Re: What happened to strict_mime?
* Wed Mar 21 2007 TAKAHASHI Tamotsu <ttakah@xxxxxxxxxxxxxxxxx>
> * Tue Mar 20 2007 Thomas Roessler <roessler@xxxxxxxxxxxxxxxxxx>
> > The way in which this code iterates through AssumedCharset in
> > convert_nonmime_string is clumsy at best. (A better way to go
> > through it would be to safe_strdup() the entire thing, use strtok on
> > the copy, and then free the temporary buffer.)
>
> Thanks for your advice.
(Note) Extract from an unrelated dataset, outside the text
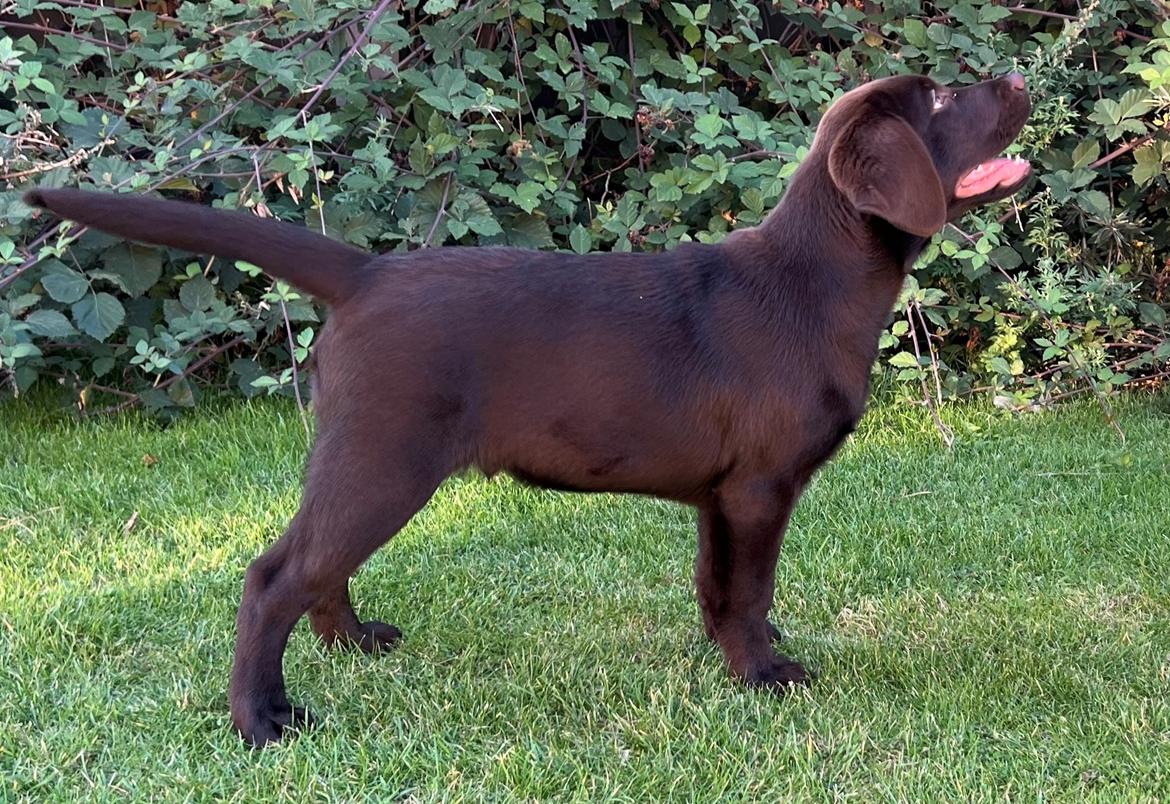 Labrador retriever Junior (Herkules) billede 1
I like your implementation.
> I didn't know of strtok.
>
>
> > So, from a casual glance at this code, two suggestions:
>
> > - Please clean up this code.
>
> I'm going to try.
I've finished cleaning it up. Attached.
If Alain's "pass-thru" option is not needed,
the code can be even shorter.
--
tamo
diff -r a6da24788400 charset.c
--- a/charset.c Wed Mar 21 11:29:20 2007 -0700
+++ b/charset.c Thu Mar 22 16:15:34 2007 +0900
@@ -288,18 +288,25 @@ int mutt_chscmp (const char *s, const ch
return !ascii_strcasecmp (buffer, chs);
}
+/* Returns a buffer which should be freed later.
+ * The content of the buffer is:
+ *
+ * - "us-ascii" if AssumedCharset is NULL or ""
+ * - the first entry of AssumedCharset
+ * (this entry can be "")
+ */
char *mutt_get_default_charset ()
{
- static char fcharset[SHORT_STRING];
- const char *c = AssumedCharset;
- const char *c1;
-
- if (c && *c) {
- c1 = strchr (c, ':');
- strfcpy (fcharset, c, c1 ? (c1 - c + 1) : sizeof (fcharset));
- return fcharset;
- }
- return strcpy (fcharset, "us-ascii"); /* __STRCPY_CHECKED__ */
+ char *s;
+
+ if (!AssumedCharset || !*AssumedCharset)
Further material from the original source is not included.